À l’appel d’un collectif de compagnies indépendantes, plus de 300 artistes se sont retrouvés à Montreuil, mardi 9 juin, pour trouver une voix commune face à la saignée budgétaire qui met en péril toute la chaîne du spectacle vivant.

© Ayoub Benkarroum pour l'Humanité
Ils étaient plus de 300 participants, sur plus de 500 signataires. À Montreuil (Seine-Saint-Denis), la salle Jean-Pierre-Vernant était comble, comme un soir de première. Ce n’était pas pour applaudir un spectacle que les représentants des compagnies étaient venus, étonnés et heureux de se compter si nombreux, mais pour dénoncer, alerter, résister et, surtout, « livrer bataille ».

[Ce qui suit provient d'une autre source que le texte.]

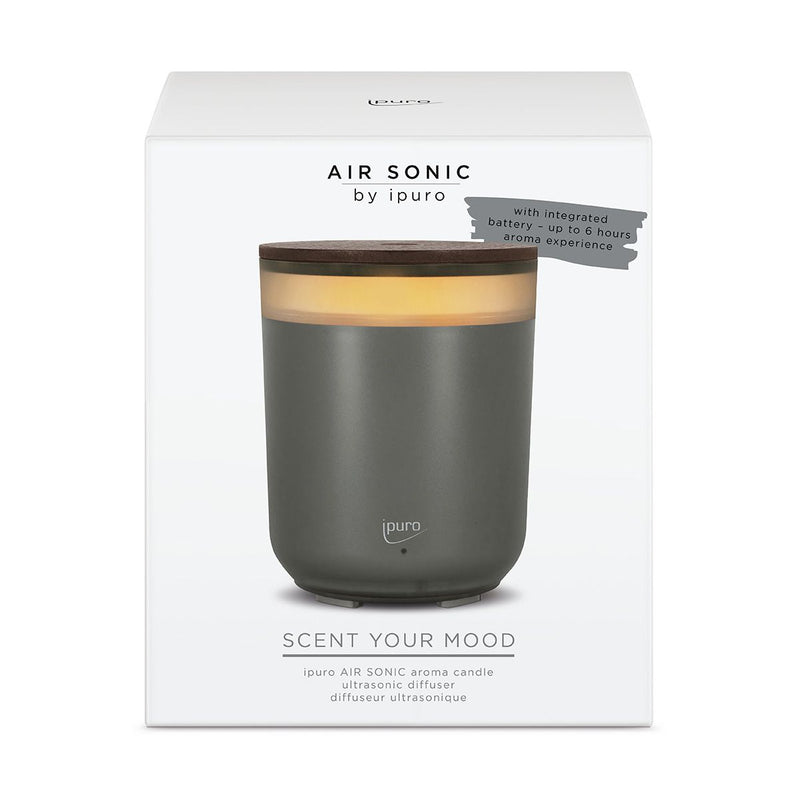 Afbeelding laden in galerijviewer, Ipuro air sonic aroma kaars grijs
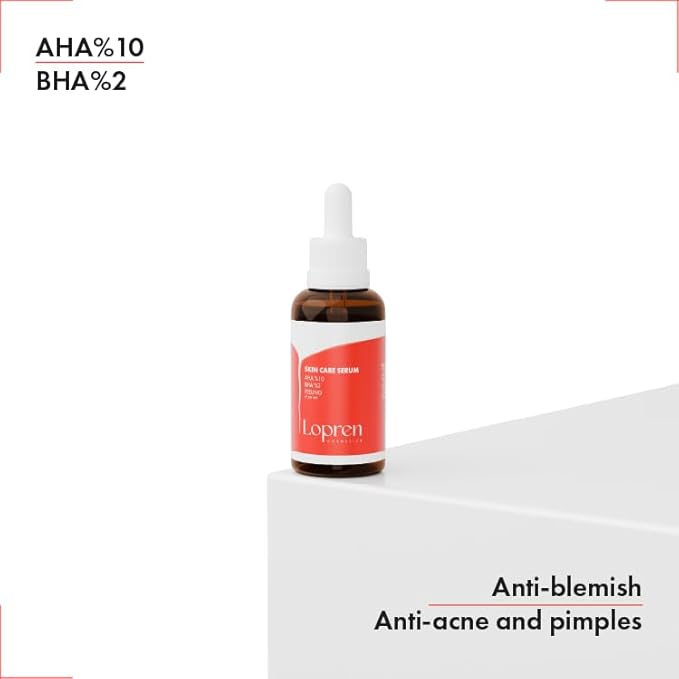 AHA 10% BHA 2% Exfoliating Serum, Skin Smoothing & Pore Refining Facial Serum, Supports a Clearer Complexion, 1 Fl Oz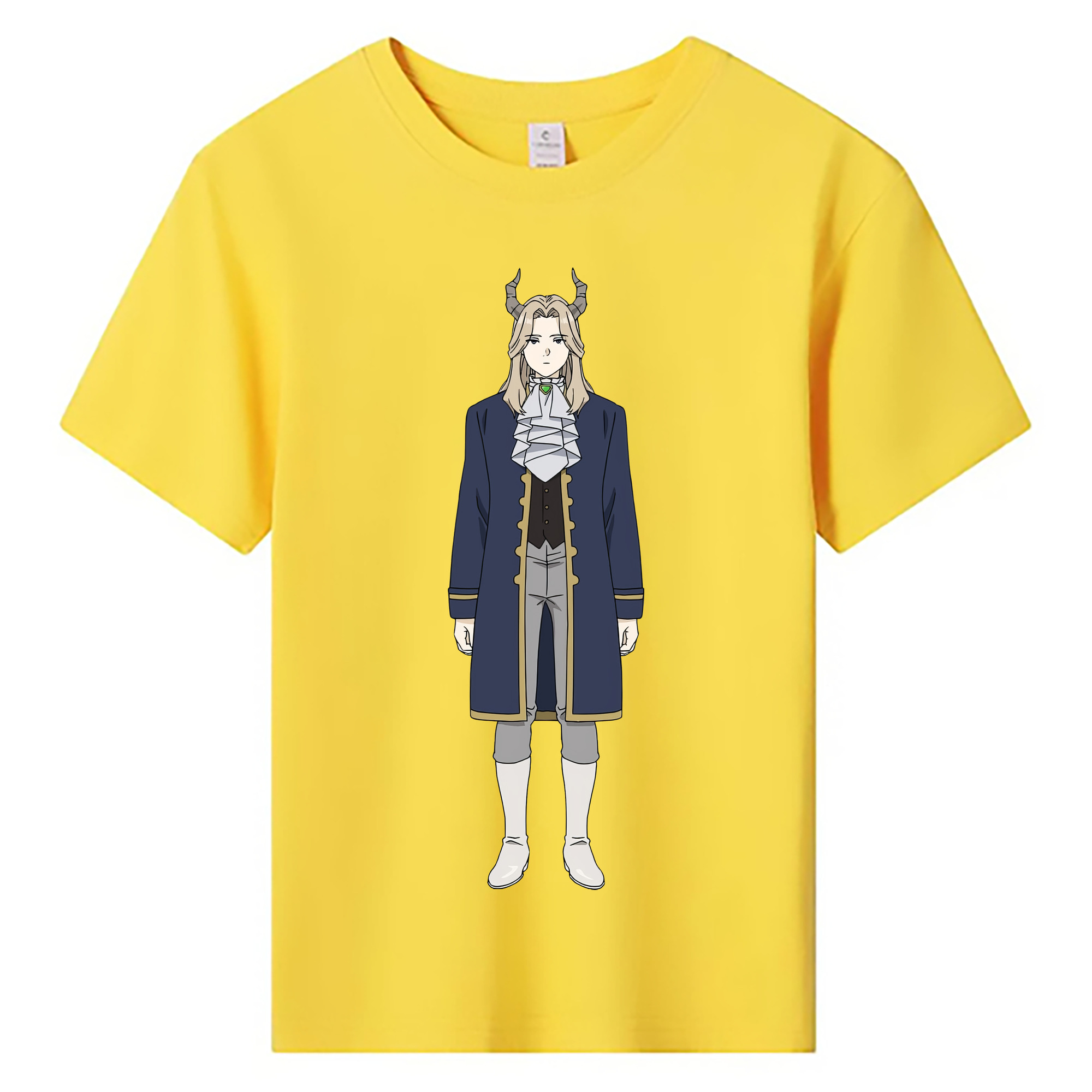 （画像用） 葬送のフリーレン Frieren 綿100％キッズTシャツ（フロントプリント）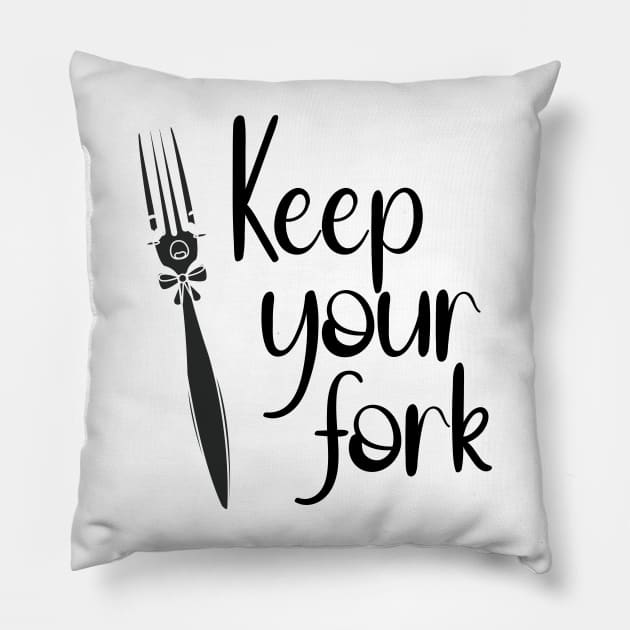 Keep your Fork Pillow by kimbo11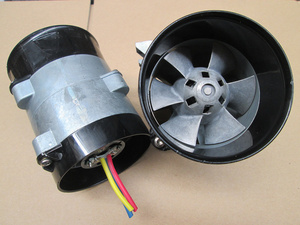 汽车改装强劲大功率电动涡轮增压器 12v 16.5a 10cm 超级暴力风扇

Pour le metteur en scène et acteur Bernard Bloch, une des chevilles ouvrières du collectif à l’initiative de cet appel, la mobilisation importante du 9 juin est une première étape qui découle « d’une prise de conscience. La réactivité à notre appel vient du terrain, des prolétaires de la création, et pas des institutions. Ce qui s’est passé mardi est un soulèvement de gens qui disent non ».
Le spectacle vivant fragilisé par les restrictions budgétaires
Comment ne pas en rester au constat, à la plainte, que faire pour passer à l’offensive ? Toutes et tous savent qu’il y va...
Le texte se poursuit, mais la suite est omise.